Word is of type String

EDIT: I forgot to say, which one is better to implement in the program, Option 1 or 2?

Since hash codes are neither required nor could be be unique, the answer to your question is "yes", in the sense that both implementations produce non-unique hash codes. — Sergey Kalinichenko, Sep 29 '16 at 16:33
Any collisions with `Word.GetHashCode()` are still going to collide after multiplying by 7. Also the cast is pointless. — juharr, Sep 29 '16 at 16:34
Extending juharr's comment, if `World.GetHashCode()` produces 6 for worldA and worldB, then `World.GetHashCode() * 7` produces 42 for both worldA and worldB... — D. Ben Knoble, Sep 29 '16 at 16:37
What do you mean exactly? if you get two different unique results for two Words in the first you will get two different unique results from the second. Likewise if you get two identical results from two Words in the first then the second will also produce two identical results. This seems somewhat obvious from looking at the code though so it feels like there is something more to you question than this that I think could do with being elaborated on. — Chris, Sep 29 '16 at 16:42
@Chris It's pretty trivial to prove that identical results will stay identical. It's slighly less trivial to prove whether or not different results have an increased chance of collision with the second approach (if you also make the operation `unchecked`). See Das' answer for details. — Servy, Sep 29 '16 at 17:01
@Servy: True I guess. I have a maths degree so I forget that what is obvious for me may not be obvious for others. :) — Chris, Sep 29 '16 at 19:02
@Chris No, you said it's obvious that equal results will stay equal.

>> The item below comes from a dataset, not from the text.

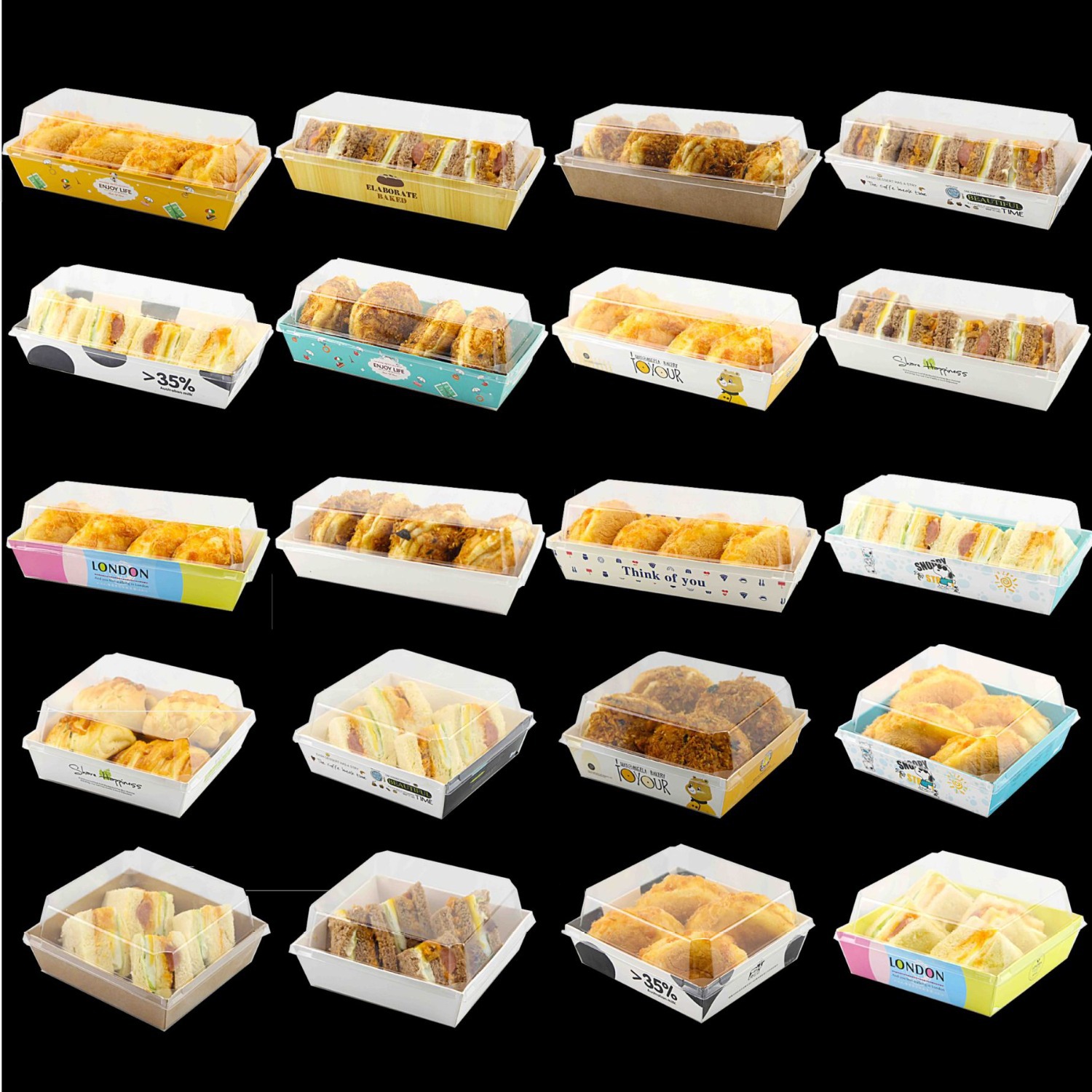 Disposable Transparent Plastic Box for Tiramisu Cake Xue Mei Niang Puff Recyclable Feature for Baking Foods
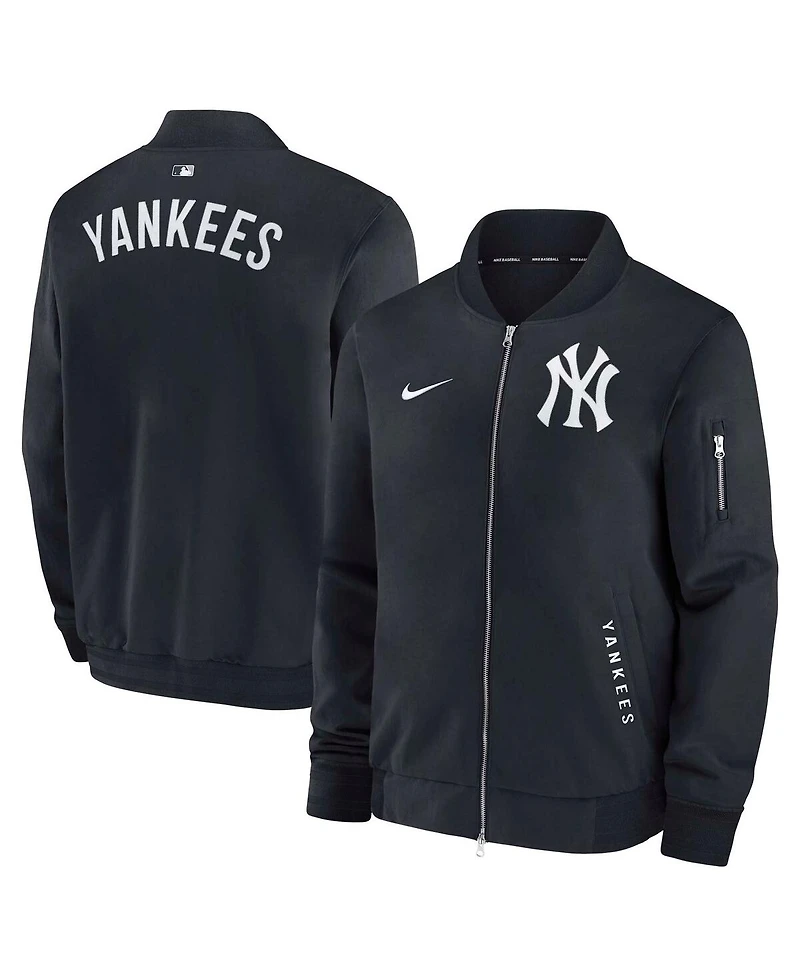 Nike Men's Navy New York Yankees Authentic Collection Dugout Full-Zip Bomber Jacket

That's not the hard part. The hard part is determining if different values stay different. It's actually a non-trivial proof. — Servy, Sep 29 '16 at 20:11

Sergey Kalinichenko · Answer 1 · 2016-09-29T17:04:23.780

It is clear that any collisions in the Word.GetHashCode() implementation would result in a collision in (int) Word.GetHashCode() * 7 implementation, because multiplying identical numbers produce identical results.

A more interesting question is if non-colliding hash codes from the first implementation would result in collisions within the second implementation. It turns out that the answer is "no", because the range of int and 7 are mutually prime numbers. Hence, multiplication produces a unique mapping after dropping the overflow.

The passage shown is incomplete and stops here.